Chapter 2. Leaving Brighton: Making Plans.
There was one further important reason for people to emigrate if their political or religious situation was in some way marginal to main society. Not just from Britain, where there was by this time a slowly growing, if reluctant, tolerance of religious differences, but from mainland Europe too, thousands emigrated because of restrictions or persecution in their homeland. Their chosen destination was generally America ― “the land of the free”― but Australia increasingly offered the freedom they craved.

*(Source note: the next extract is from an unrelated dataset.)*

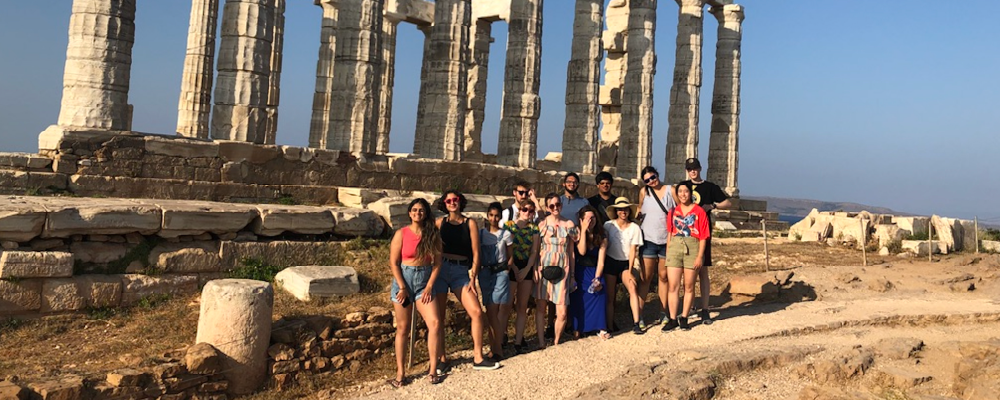 2019 Greece field school students at the Temple of Poseidon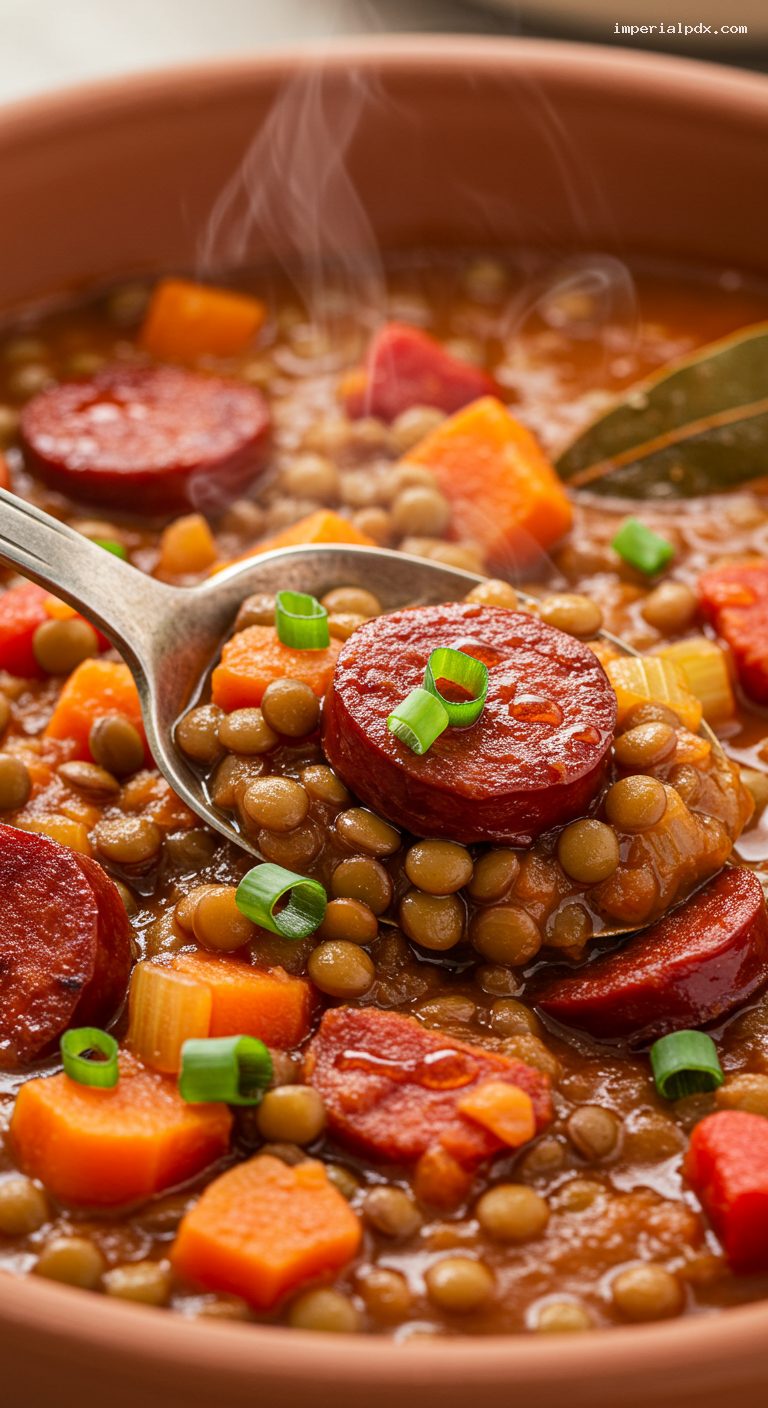 Creole Lentil Stew with Chorizo and Pancetta – Closeup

This was essentially the reason for the departure from Brighton in 1849 of “the Juniper and Wood party,” who were all members of, or associated with, the Ebenezer Chapel on Richmond Hill. As Particular (or Strict) Baptists they enjoyed freedom of worship and were not persecuted as were many dissenting Protestants on the Continent, but they deeply resented the imposition of compulsory church rates. This legal requirement was enforced to pay for the upkeep and repair of the parish church and “the providing of things necessary for Divine Service therein.” There had long been a strong radical and dissenting tradition in Brighton and church rates (not abolished until 1868) were a continual source of vexation to Nonconformists and Jews. Defaulters could be, and were, prosecuted for non-payment and “suffered distraint” on their goods. Nine Brighton men were summoned for non-payment early in September 1849, among them W. Samuel Tankard, Charles Robert Thatcher and the attorney Richard Mighell. They had engaged a London solicitor, Mr Boykett, to defend them. The case was adjourned until later in the month and then dismissed (probably on a technicality) but by this time Mighell had already joined the Juniper and Wood party on board the Harpley and was on his way to Australia. Tankard and Thatcher were to follow three years later with the Brightonians bound for the gold diggings.